In U.S.-China Climate Deal, Big Loser Is Russia

Russian President Vladimir Putin. (Photo by Sean Gallup/Getty Images)

Russian President Vladimir Putin. (Photo by Sean Gallup/Getty Images)

A major bilateral agreement regarding limiting carbon emissions between China and the U.S. is the most significant development from the Asian Pacific Economic Cooperation (APEC) summit in Beijing. The agreement calls for the U.S. to substantially reduce its carbon output over the next decade and, very importantly, also calls for China to begin reducing its carbon output in 2030. The China-U.S. accord may or may not make a direct impact on climate change, but it is a major step in that direction. It also may face opposition from the Republican controlled Congress, but the White House had indicated they have the authority to implement the agreement without congressional approval.

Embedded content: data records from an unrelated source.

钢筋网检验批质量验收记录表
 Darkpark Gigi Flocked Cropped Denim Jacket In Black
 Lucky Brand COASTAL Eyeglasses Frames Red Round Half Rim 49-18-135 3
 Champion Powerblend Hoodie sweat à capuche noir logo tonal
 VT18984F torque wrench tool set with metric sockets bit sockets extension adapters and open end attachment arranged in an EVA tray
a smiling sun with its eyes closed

This agreement has bearing on environmental politics, partisan politics in the U.S and the most important bilateral relationship for the U.S., but it is also significant for another country, Russia, and its evolving role in the world. Russia, of course, was not part of this climate change discussion, but signed a non-binding memorandum for another major gas deal with China during the APEC summit. Though the details of that gas deal have not been finalized, it is expected to be worth well over $100 billion. While this contract would strengthen ties between China and Russia, it also solidifies Russia’s position as simply a supplier of raw material to Beijing, rather than as an economic or political equal.

Like the energy deal the two countries agreed upon in May, this one will also probably be better for China than for Russia. According to industry website Oilprice.com, “[t]he latest deal will likely be even more lopsided in China’s favor. That is because Russia’s leverage has been severely diminished in just the few months since the May 2014 deal. Western sanctions have struck a severe blow to the Russian economy.” In other words, American and European sanctions forced Russia into a bad negotiating position that was exploited by China.

Thus, unless something changes the story of from the APEC summit is that the U.S. and China are trying to work together, despite their many differences, to solve one of the world’s most pressing problems while Moscow, desperate for cash and markets, finds a way to sell more gas to China at a bad price. For a Russia that is anxious to be seen as a major player on the global stage, this cannot be good news.

President Obama may not be able to win support for his agreement on climate change with China from a hostile and confident Republican congress, but events in Beijing show that the western strategy towards Russia is beginning to show dividends, and that Russian President Vladimir Putin leaves Beijing again reminded that for much of Asia he is seen as somebody to whom to turn for cheap raw material, not global leadership. If for no other reason than that, Mr. Obama deserves credit for some success in Beijing.